<<<<

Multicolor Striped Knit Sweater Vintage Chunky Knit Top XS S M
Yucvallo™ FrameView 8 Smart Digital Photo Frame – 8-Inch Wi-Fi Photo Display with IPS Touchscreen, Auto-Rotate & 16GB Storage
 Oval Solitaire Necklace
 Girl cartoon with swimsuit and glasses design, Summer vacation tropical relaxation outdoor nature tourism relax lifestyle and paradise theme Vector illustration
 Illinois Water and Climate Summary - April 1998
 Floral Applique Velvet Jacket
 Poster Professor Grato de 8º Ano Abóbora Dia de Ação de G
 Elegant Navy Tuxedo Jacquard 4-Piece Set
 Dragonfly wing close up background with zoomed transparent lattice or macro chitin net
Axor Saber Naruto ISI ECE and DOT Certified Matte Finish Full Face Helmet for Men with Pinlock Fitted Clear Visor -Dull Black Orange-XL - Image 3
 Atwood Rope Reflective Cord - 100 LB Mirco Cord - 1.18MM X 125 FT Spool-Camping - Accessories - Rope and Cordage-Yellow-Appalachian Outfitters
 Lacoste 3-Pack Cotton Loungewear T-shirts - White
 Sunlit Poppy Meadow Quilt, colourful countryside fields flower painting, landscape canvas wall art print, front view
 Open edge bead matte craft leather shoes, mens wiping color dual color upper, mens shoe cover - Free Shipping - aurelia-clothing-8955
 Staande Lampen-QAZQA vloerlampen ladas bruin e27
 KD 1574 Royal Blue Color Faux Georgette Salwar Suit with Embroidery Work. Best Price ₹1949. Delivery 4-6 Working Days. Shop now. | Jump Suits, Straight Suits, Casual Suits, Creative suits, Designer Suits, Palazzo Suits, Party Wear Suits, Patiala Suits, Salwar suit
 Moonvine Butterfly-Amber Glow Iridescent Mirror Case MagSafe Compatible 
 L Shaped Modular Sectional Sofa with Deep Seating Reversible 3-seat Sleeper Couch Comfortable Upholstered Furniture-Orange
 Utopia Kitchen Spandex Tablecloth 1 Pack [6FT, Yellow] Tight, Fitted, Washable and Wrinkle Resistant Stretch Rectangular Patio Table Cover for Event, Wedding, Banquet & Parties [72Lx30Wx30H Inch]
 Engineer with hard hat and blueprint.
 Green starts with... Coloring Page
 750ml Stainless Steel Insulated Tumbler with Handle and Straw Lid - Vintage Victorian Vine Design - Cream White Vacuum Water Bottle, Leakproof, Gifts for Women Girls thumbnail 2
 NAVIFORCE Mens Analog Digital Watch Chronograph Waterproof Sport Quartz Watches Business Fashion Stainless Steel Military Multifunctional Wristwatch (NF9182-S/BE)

>>>>

__What is expected__.
A verbatim transcription is required: the first line of the listing, the line containing "Moonvine Butterfly-Amber Glow", and every line between them.

__Result below__.
Multicolor Striped Knit Sweater Vintage Chunky Knit Top XS S M
Yucvallo™ FrameView 8 Smart Digital Photo Frame – 8-Inch Wi-Fi Photo Display with IPS Touchscreen, Auto-Rotate & 16GB Storage
 Oval Solitaire Necklace
 Girl cartoon with swimsuit and glasses design, Summer vacation tropical relaxation outdoor nature tourism relax lifestyle and paradise theme Vector illustration
 Illinois Water and Climate Summary - April 1998
 Floral Applique Velvet Jacket
 Poster Professor Grato de 8º Ano Abóbora Dia de Ação de G
 Elegant Navy Tuxedo Jacquard 4-Piece Set
 Dragonfly wing close up background with zoomed transparent lattice or macro chitin net
Axor Saber Naruto ISI ECE and DOT Certified Matte Finish Full Face Helmet for Men with Pinlock Fitted Clear Visor -Dull Black Orange-XL - Image 3
 Atwood Rope Reflective Cord - 100 LB Mirco Cord - 1.18MM X 125 FT Spool-Camping - Accessories - Rope and Cordage-Yellow-Appalachian Outfitters
 Lacoste 3-Pack Cotton Loungewear T-shirts - White
 Sunlit Poppy Meadow Quilt, colourful countryside fields flower painting, landscape canvas wall art print, front view
 Open edge bead matte craft leather shoes, mens wiping color dual color upper, mens shoe cover - Free Shipping - aurelia-clothing-8955
 Staande Lampen-QAZQA vloerlampen ladas bruin e27
 KD 1574 Royal Blue Color Faux Georgette Salwar Suit with Embroidery Work. Best Price ₹1949. Delivery 4-6 Working Days. Shop now. | Jump Suits, Straight Suits, Casual Suits, Creative suits, Designer Suits, Palazzo Suits, Party Wear Suits, Patiala Suits, Salwar suit
 Moonvine Butterfly-Amber Glow Iridescent Mirror Case MagSafe Compatible 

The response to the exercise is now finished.